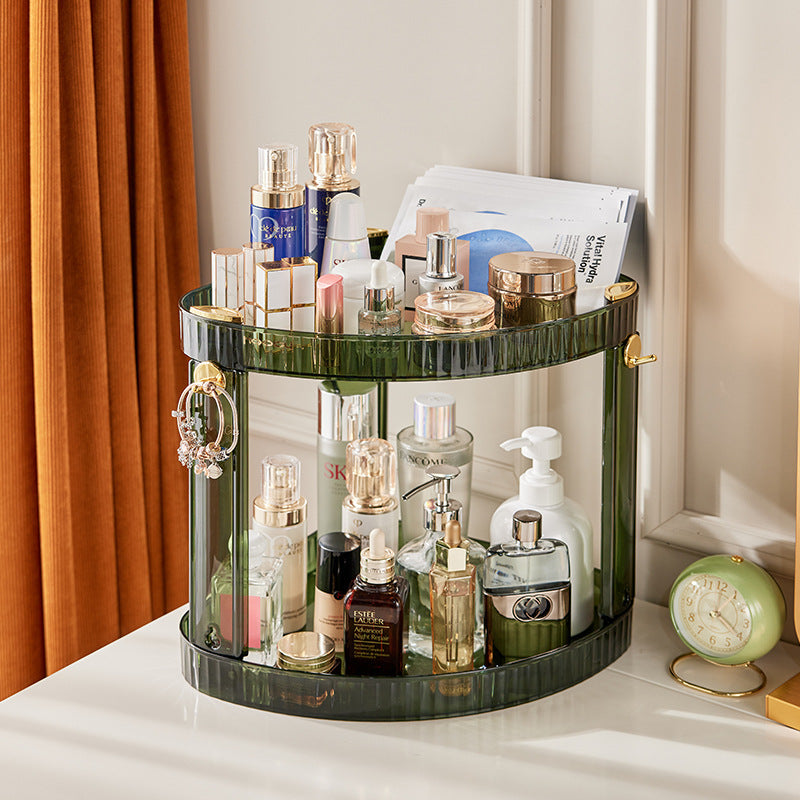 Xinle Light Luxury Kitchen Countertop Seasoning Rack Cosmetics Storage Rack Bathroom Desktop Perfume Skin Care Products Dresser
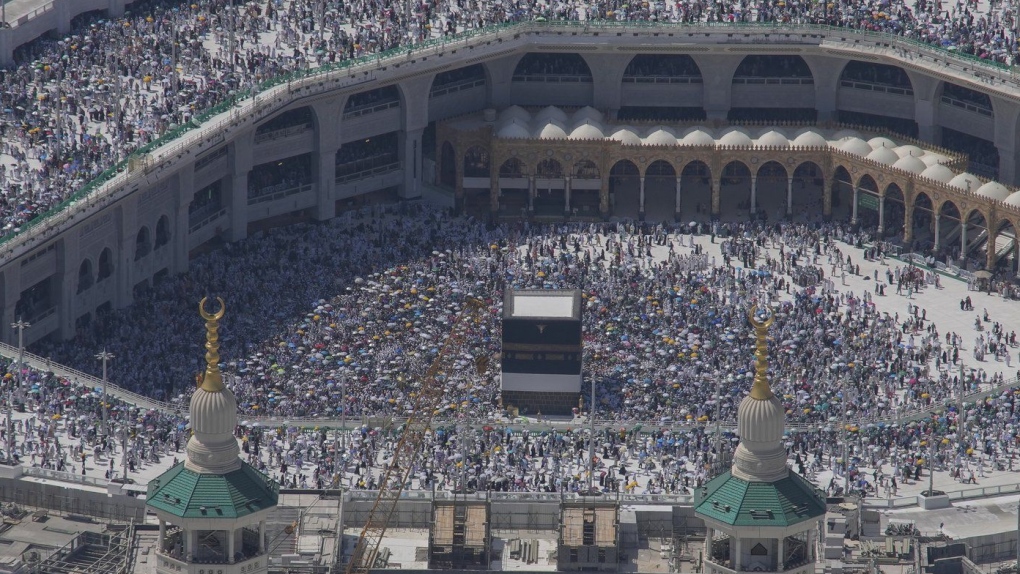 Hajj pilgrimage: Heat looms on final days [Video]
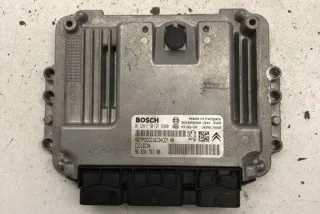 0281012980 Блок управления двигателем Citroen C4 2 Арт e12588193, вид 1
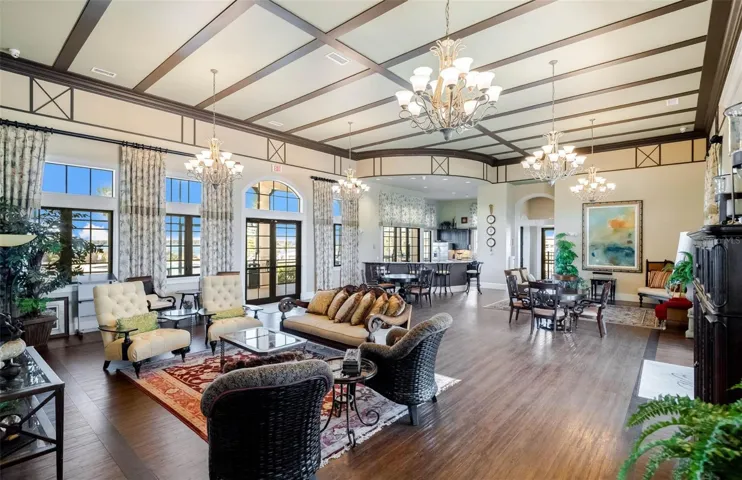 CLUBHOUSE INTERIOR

::::

Problem description:
Give the material above again exactly as it stands, minus any images.

Task answer:
 Xinle Light Luxury Kitchen Countertop Seasoning Rack Cosmetics Storage Rack Bathroom Desktop Perfume Skin Care Products Dresser
 Hajj pilgrimage: Heat looms on final days [Video]
 0281012980 Блок управления двигателем Citroen C4 2 Арт e12588193, вид 1
 CLUBHOUSE INTERIOR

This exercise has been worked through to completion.